Senator GIETZELT (Minister for Veterans' Affairs)(5.50) —I move:

That the Bill be now read a second time.

I seek leave to incorporate the second reading speech in Hansard.

Leave granted.

The speech read as follows-

The purpose of this Bill is to implement that part of the Government's indigenous crude oil marketing policy which provides for the imposition of a 3 cents per litre special customs duty on imports of light crude oils and petroleum products. The Government's policy on indigenous crude oil marketing was announced by the former Minister for Resources and Energy, Senator Walsh, on 9 October 1984.

In the 1984 autumn sittings the Government introduced a Bill to impose, under certain circumstances, a special stand-by duty on imports of certain light oils. The Government subsequently decided to conduct a major review of crude oil marketing policy. The review took into account representations made by the oil industry on the various provisions of this earlier Bill. Accordingly, the 1984 Bill was allowed to lapse with the prorogation of the last Parliament.

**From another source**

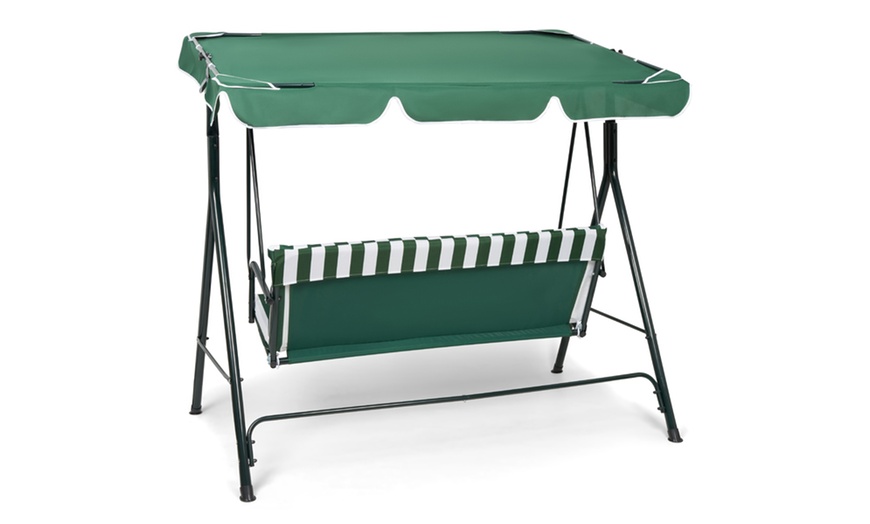 Image 4: Three-Seater Outdoor Swing Bench with Canopy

The Bill I have just introduced is part of the package of measures which the government decided to implement following consideration of the crude oil marketing review.

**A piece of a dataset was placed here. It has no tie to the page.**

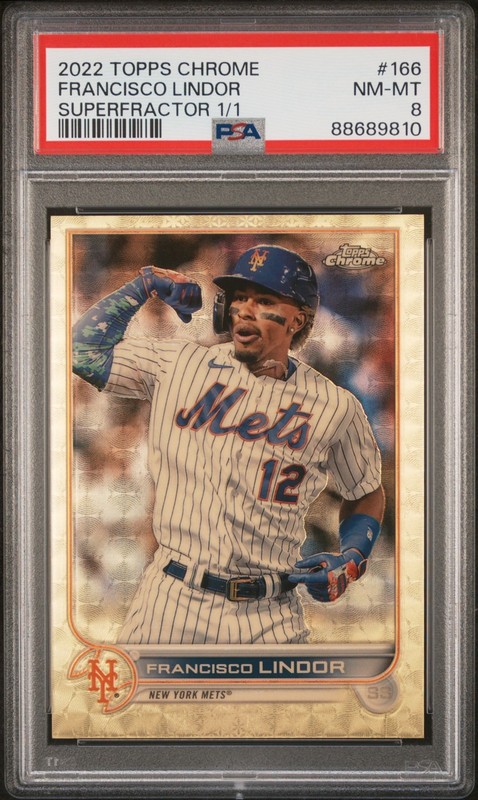 2022 TOPPS CHROME #166 FRANCISCO LINDOR SUPERFRACTOR 1/1 SP VARIATION PSA 8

The Customs Tariff (Stand-by Duty) Bill 1985 reflects the Government's determination that crude oil produced in Australia will, where possible, be refined in Australia. The Bill is closely tied to the partial allocation scheme that currently allocates most of Australia's crude oil production to particular oil refiners. Under the scheme, the Government announces how much crude oil it expects each refiner to lift during each quarter from each producing area. Monthly records of each refiner's performance are kept for each producing area and are compared with their lifting obligations. If a particular refiner has failed to meet its obligations to lift indigenous crude oil over an extended period, then the provisions contained in this Bill are to come into effect.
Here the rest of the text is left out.